Utendi, fruendi, abutendi
[14] What has been declared to be one’s own, such a person is free to do what that person wants which is expressed in the legal maxim referred to above. (use, enjoy and (even) destroy) I add, if so, even not to do anything thereon.
[15] Accordingly, I reject that argument of the Appellant without saying anything more.
On the Merits
[16] Learned Counsel for the Appellant in assailing the impugned judgment of the High Court (dated 7 October, 2016) submitted on two counts viz:
(a) On procedural matters
(b) On the substantive issue of the claimed rights.
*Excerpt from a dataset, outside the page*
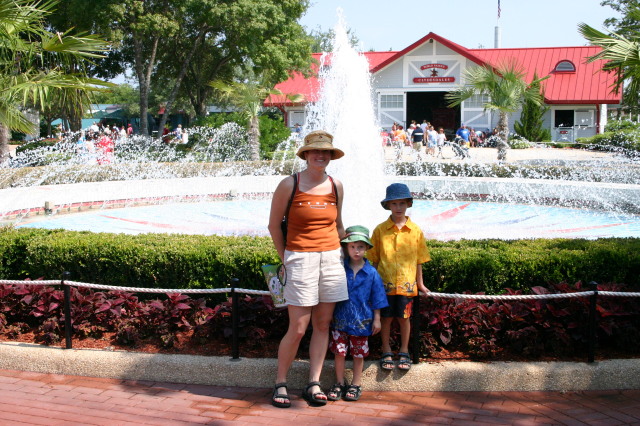 2005/06(June)/SeaWorld/640x480_2005-06-23-SeaWorld-02-Suzi-Chance-Dax.JPG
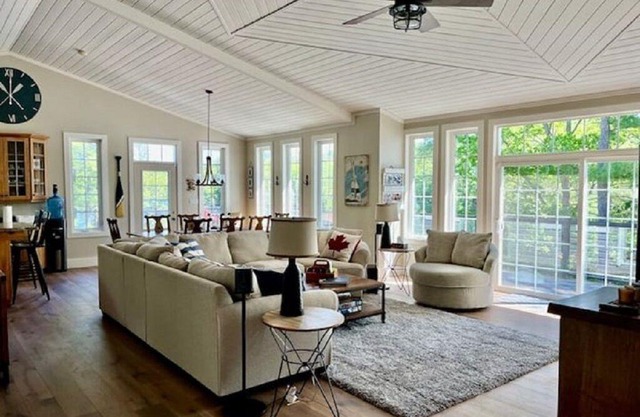 Riverside cottage w/hot tub, firepit, indoor bar, and much more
[17] I shall deal first with the procedural matters,
[18] The Appellant submitted that, there was an earlier judgment of the very High Court (as per Coventry, JA dated 31 January, 2007) touching on the very issues which were before Amaratunga JA, reflected in his impugned judgment of 7 October, 2016 and therefore the High Court was rendered functus when it delivered its said impugned judgment of 7 October, 2016.
[19] This is what (in essence) Coventry JA had held in his said judgment.
“[58] The original permission was in perpetuity subject to the performance of custom obligations. It was a grant for that group of Solomon Island people and their descendants. For the estoppel to continue then there must be
(a) continuity of occupation;
(b) by the direct descendants of the original grantees; and
(c) the due performance of the custom obligations.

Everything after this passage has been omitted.